> What to work on
Going down the listing below, print exactly each line from the one with "A digital concept" up to and including the one with "Giorgio Armani Wide", and skip the rest.

> Material provided
+---+
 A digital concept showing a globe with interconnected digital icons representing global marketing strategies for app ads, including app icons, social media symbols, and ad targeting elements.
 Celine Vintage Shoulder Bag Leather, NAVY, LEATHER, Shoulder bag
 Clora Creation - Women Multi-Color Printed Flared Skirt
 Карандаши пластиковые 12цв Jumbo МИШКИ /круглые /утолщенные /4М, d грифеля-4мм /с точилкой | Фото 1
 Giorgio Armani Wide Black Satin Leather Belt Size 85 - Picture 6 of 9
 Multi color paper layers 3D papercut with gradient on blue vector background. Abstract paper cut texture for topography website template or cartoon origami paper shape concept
+---+
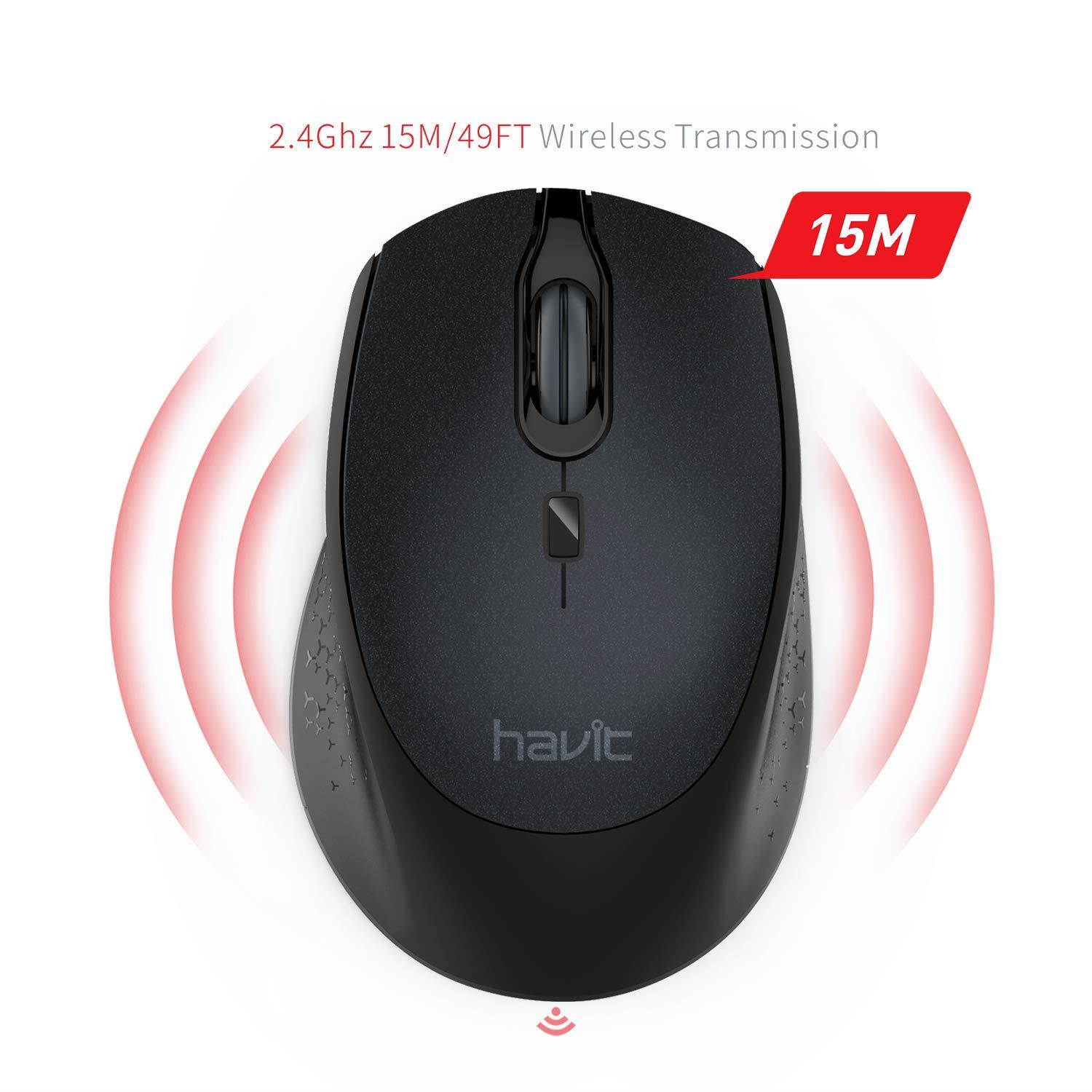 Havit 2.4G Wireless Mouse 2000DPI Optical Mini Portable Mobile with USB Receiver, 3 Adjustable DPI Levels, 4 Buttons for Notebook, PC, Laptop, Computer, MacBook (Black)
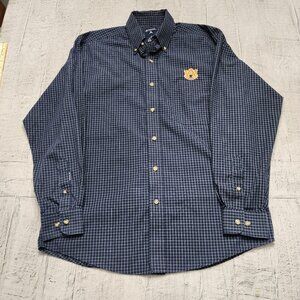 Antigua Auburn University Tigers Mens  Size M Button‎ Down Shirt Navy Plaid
+---+
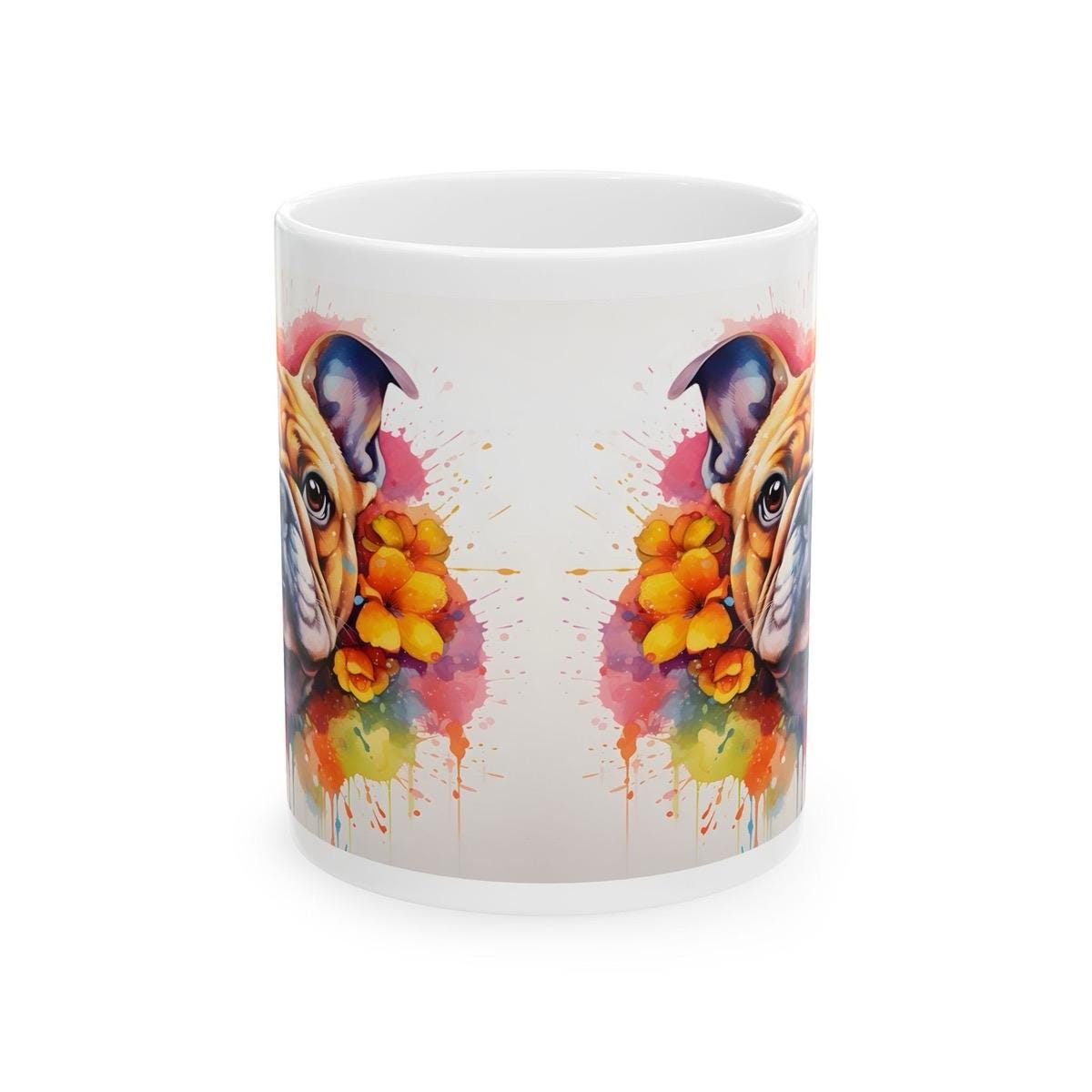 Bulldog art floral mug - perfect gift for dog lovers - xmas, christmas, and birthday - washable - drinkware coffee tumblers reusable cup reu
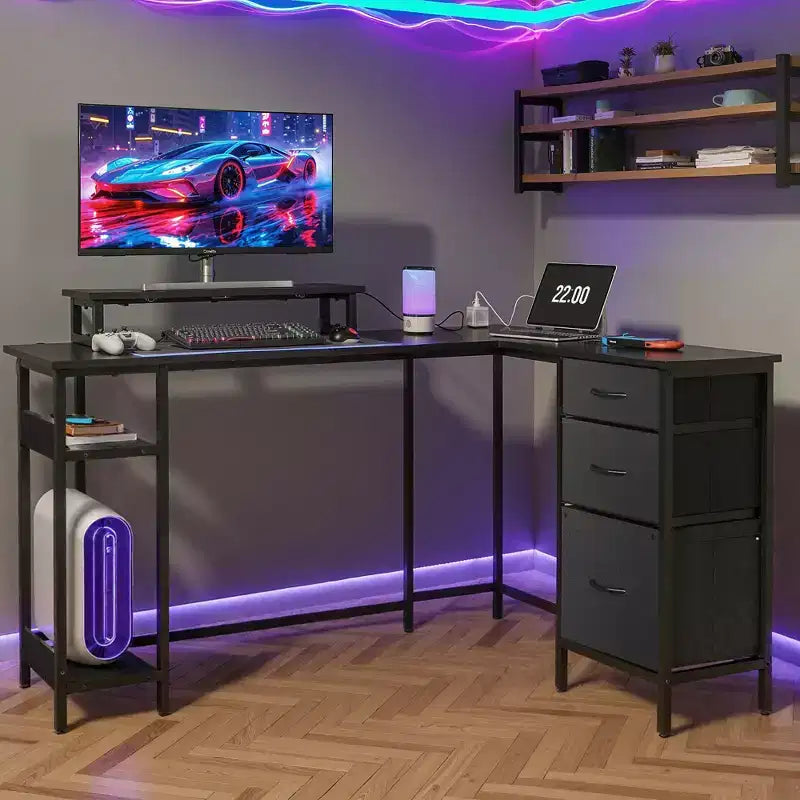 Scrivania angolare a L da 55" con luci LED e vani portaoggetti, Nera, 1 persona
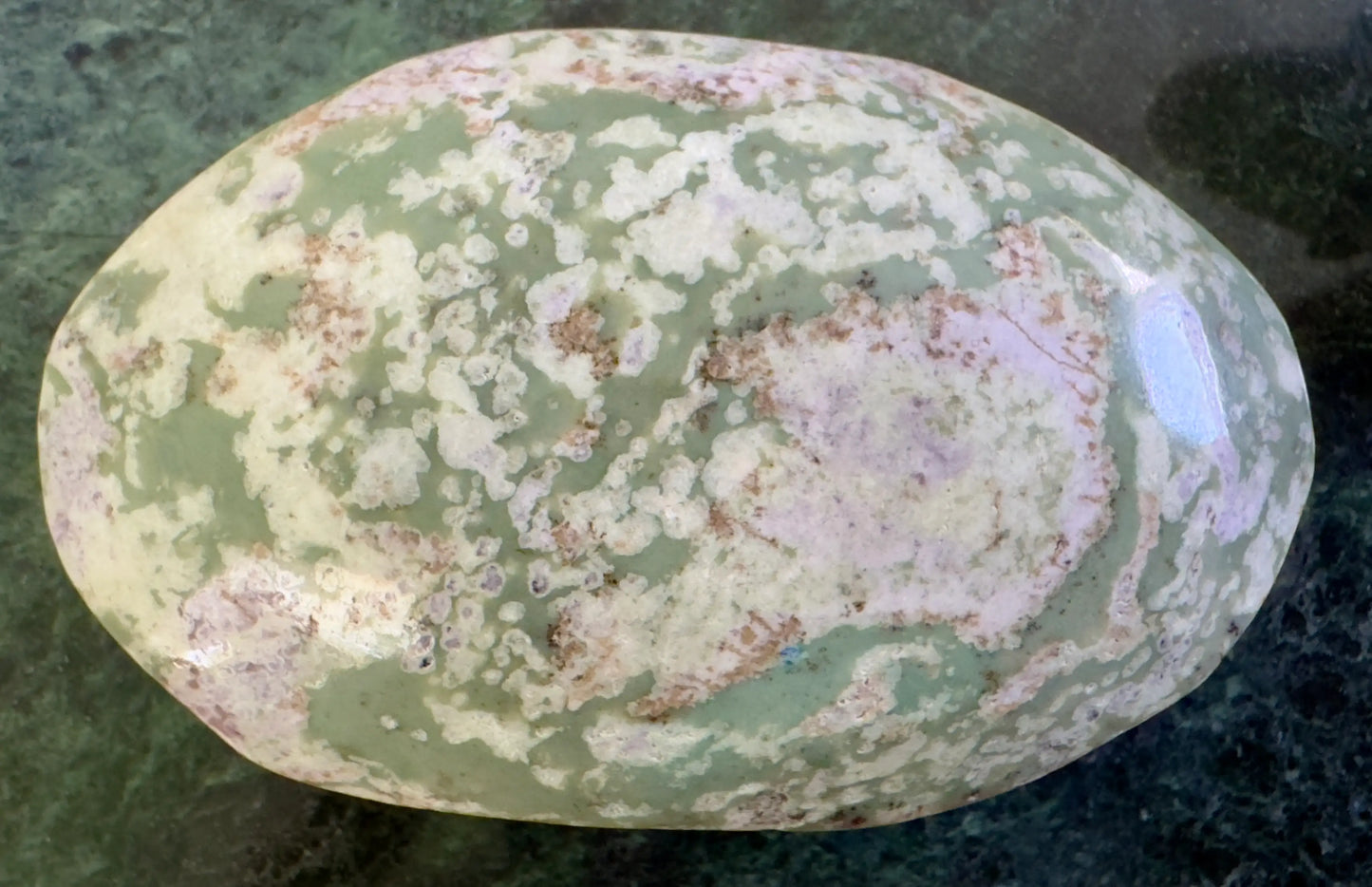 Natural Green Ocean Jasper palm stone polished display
+---+
> Answer for the task
 A digital concept showing a globe with interconnected digital icons representing global marketing strategies for app ads, including app icons, social media symbols, and ad targeting elements.
 Celine Vintage Shoulder Bag Leather, NAVY, LEATHER, Shoulder bag
 Clora Creation - Women Multi-Color Printed Flared Skirt
 Карандаши пластиковые 12цв Jumbo МИШКИ /круглые /утолщенные /4М, d грифеля-4мм /с точилкой | Фото 1
 Giorgio Armani Wide Black Satin Leather Belt Size 85 - Picture 6 of 9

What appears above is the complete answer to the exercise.